This was originally posted on our Voronoi app. Download the app for free on iOS or Android and discover incredible data-driven charts from a variety of trusted sources.

People around the world enjoy significantly greater travel freedom than they did just a couple decades ago.

In 2006, people could travel visa-free to 58 countries on average, while today that number has jumped to 111 destinations. Even in the last year, French, German, Spanish, and Italian citizens can now travel visa-free to three new countries.

This graphic shows the most powerful passports in 2024, with data from the annual Henley & Partners Passport Index.

Passport Strength in 2024

The world’s top passport is shared in a six-way tie, with visa-free access to 194 countries.

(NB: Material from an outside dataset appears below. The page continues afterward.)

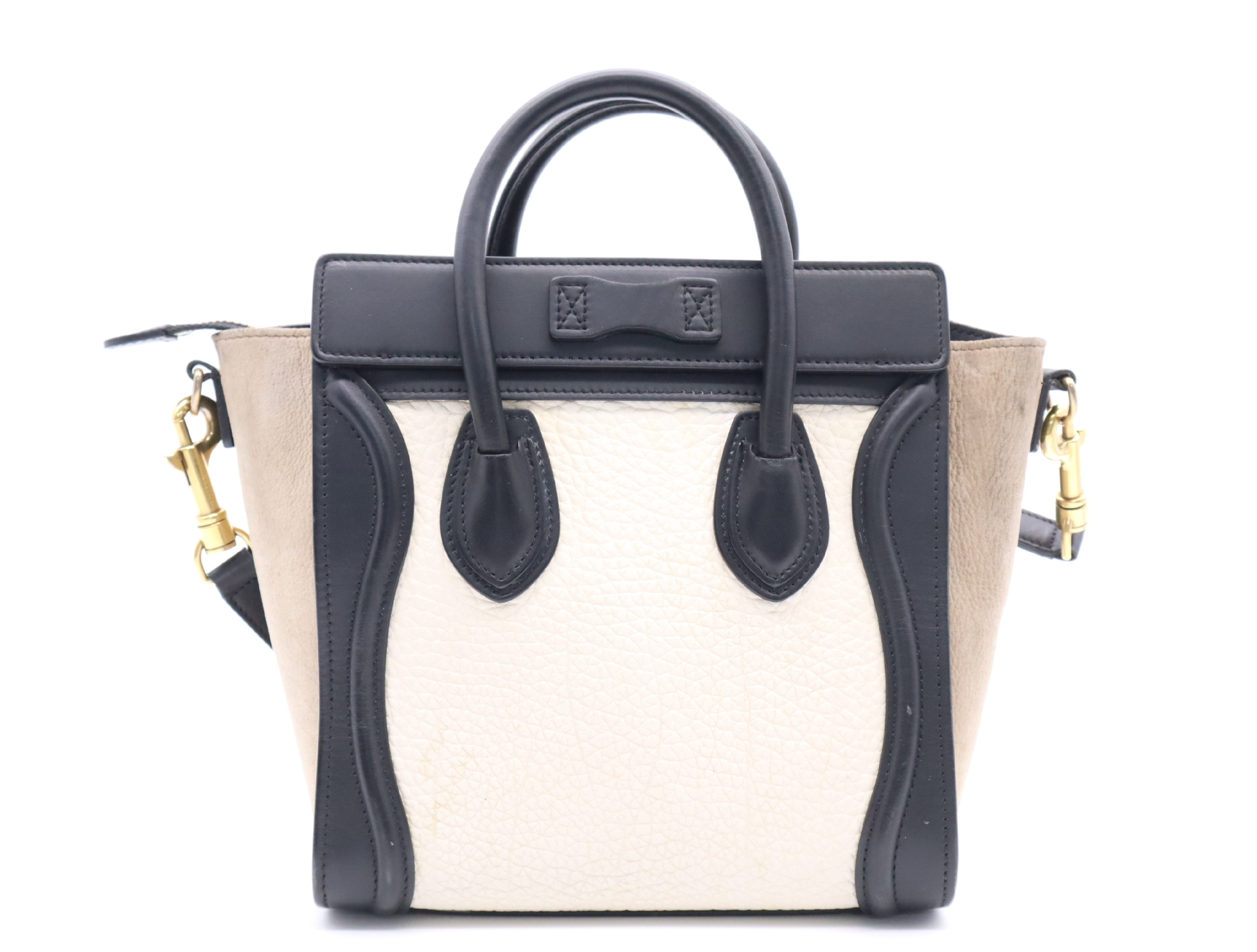 Leather x Suede Luggage Nano 2-Way Handbag, Multicolor, with Shoulder Strap — view 2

RankingCountryNumber of Countries
with Visa-Free Access
1🇫🇷 France194
1🇩🇪 Germany194
1🇮🇹 Italy194
1🇯🇵 Japan194
1🇸🇬 Singapore194
1🇪🇸 Spain194
2🇫🇮 Finland193
2🇰🇷 South Korea193
2🇸🇪 Sweden193
3🇦🇹 Austria192
3🇩🇰 Denmark192
3🇮🇪 Ireland192
3🇳🇱 Netherlands192
4🇧🇪 Belgium191
4🇱🇺 Luxembourg191
4🇳🇴 Norway191
4🇵🇹 Portugal191
4🇬🇧 UK191
5🇬🇷 Greece190
5🇲🇹 Malta190
5🇨🇭 Switzerland190
6🇦🇺 Australia189
6🇨🇿 Czechia189
6🇳🇿 New Zealand189
6🇵🇱 Poland189
7🇨🇦 Canada188
7🇭🇺 Hungary188
7🇺🇸 U.S.188
8🇪🇪 Estonia187
8🇱🇹 Lithuania187

While Japan and Singapore ranked first for the last five years, four European countries—France, Germany, Italy, and Spain— climbed the ranks this year.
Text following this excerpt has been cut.